# [Exercise objective]
Omit all images, then repeat exactly the lines below from the one containing "Huelga de autobuses en Segovia." through the one containing "DAIHATSU SIRION-image-6", both ends included.

# [Information supplied]

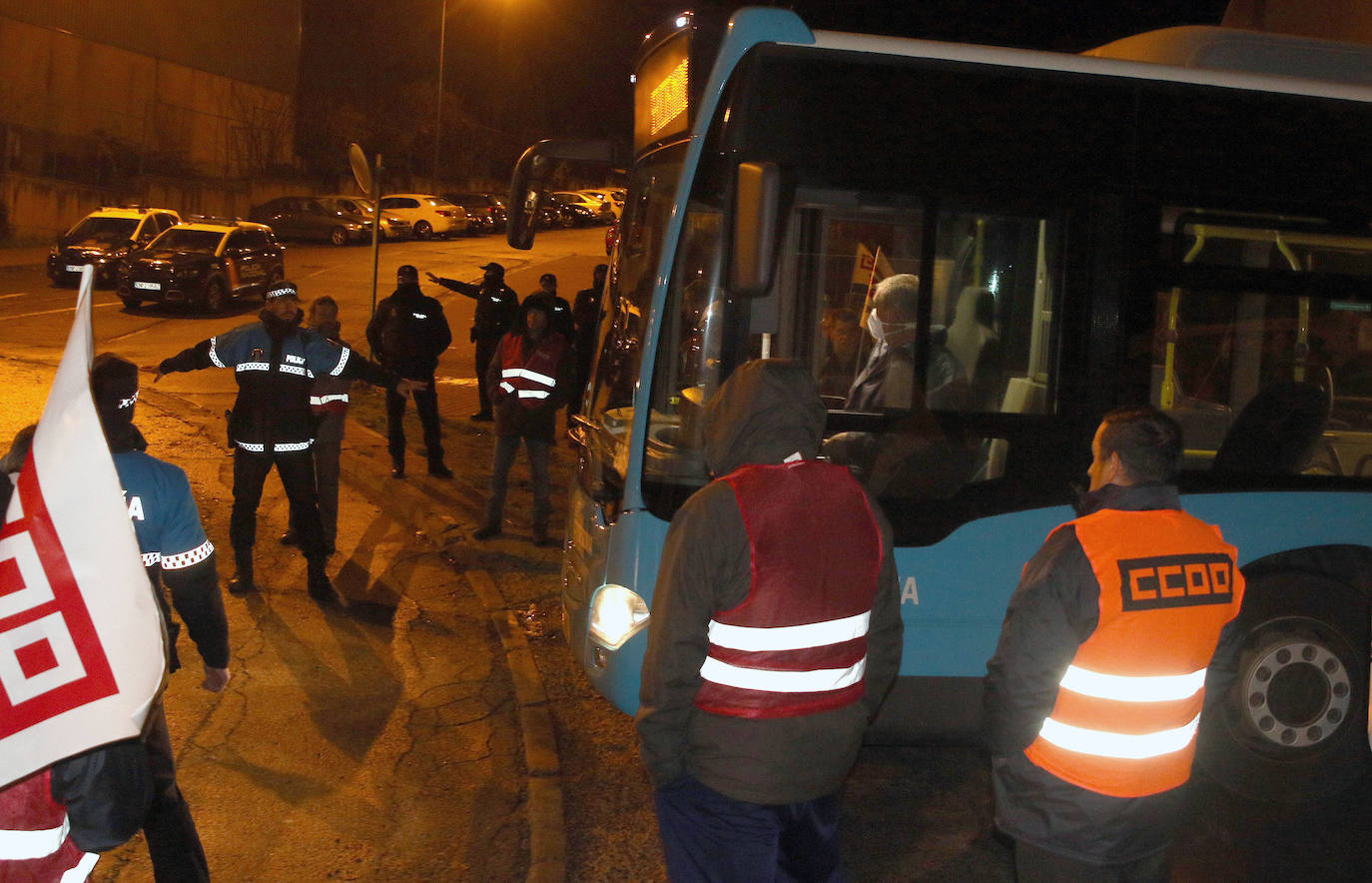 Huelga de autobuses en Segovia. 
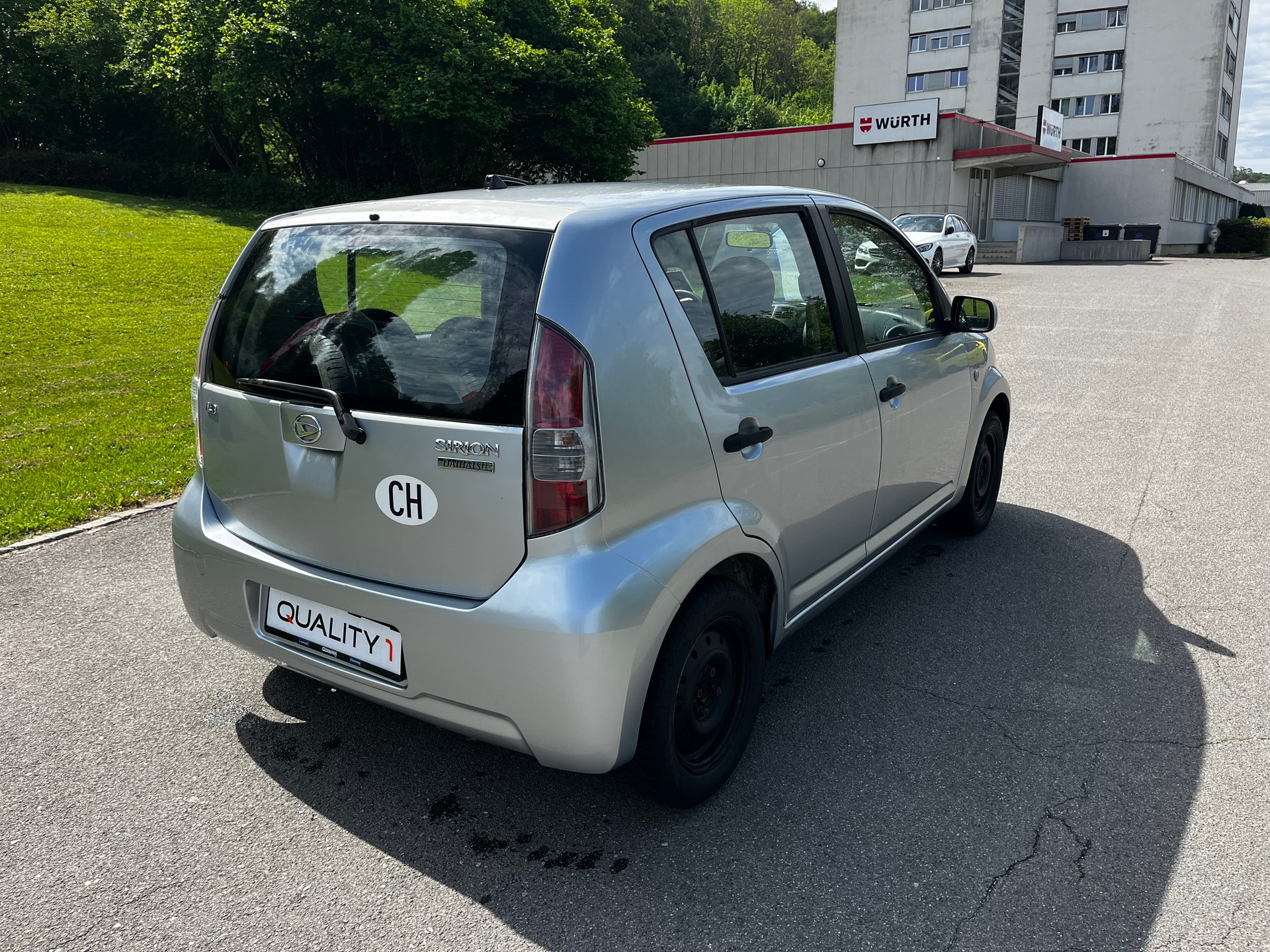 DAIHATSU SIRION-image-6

---

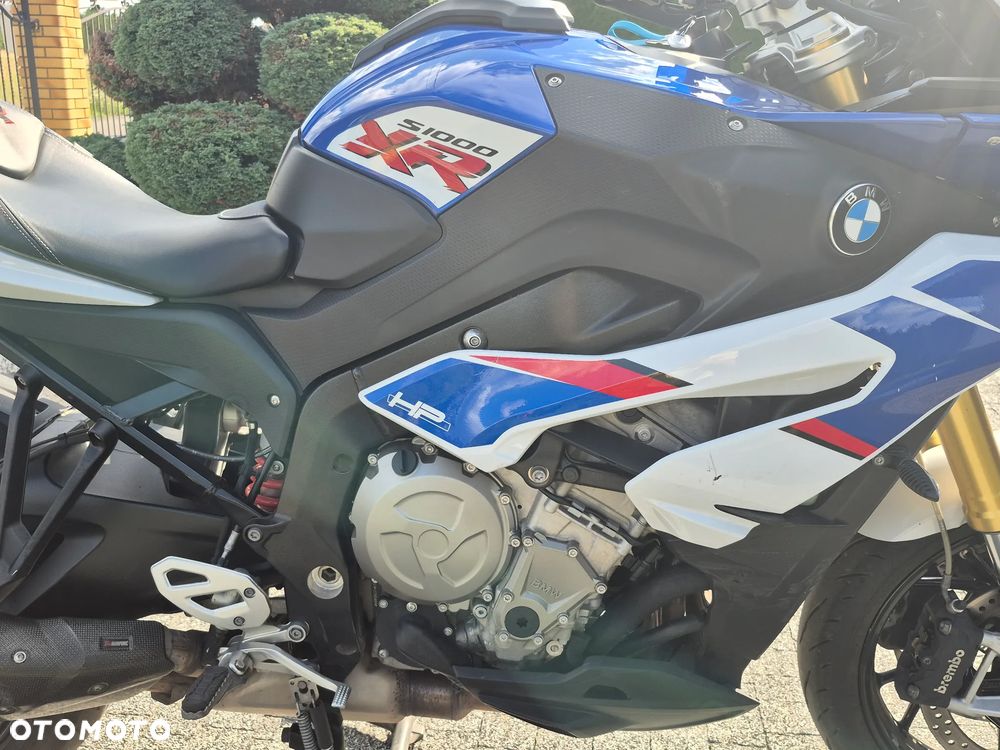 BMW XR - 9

# [Written answer]
 Huelga de autobuses en Segovia. 
 DAIHATSU SIRION-image-6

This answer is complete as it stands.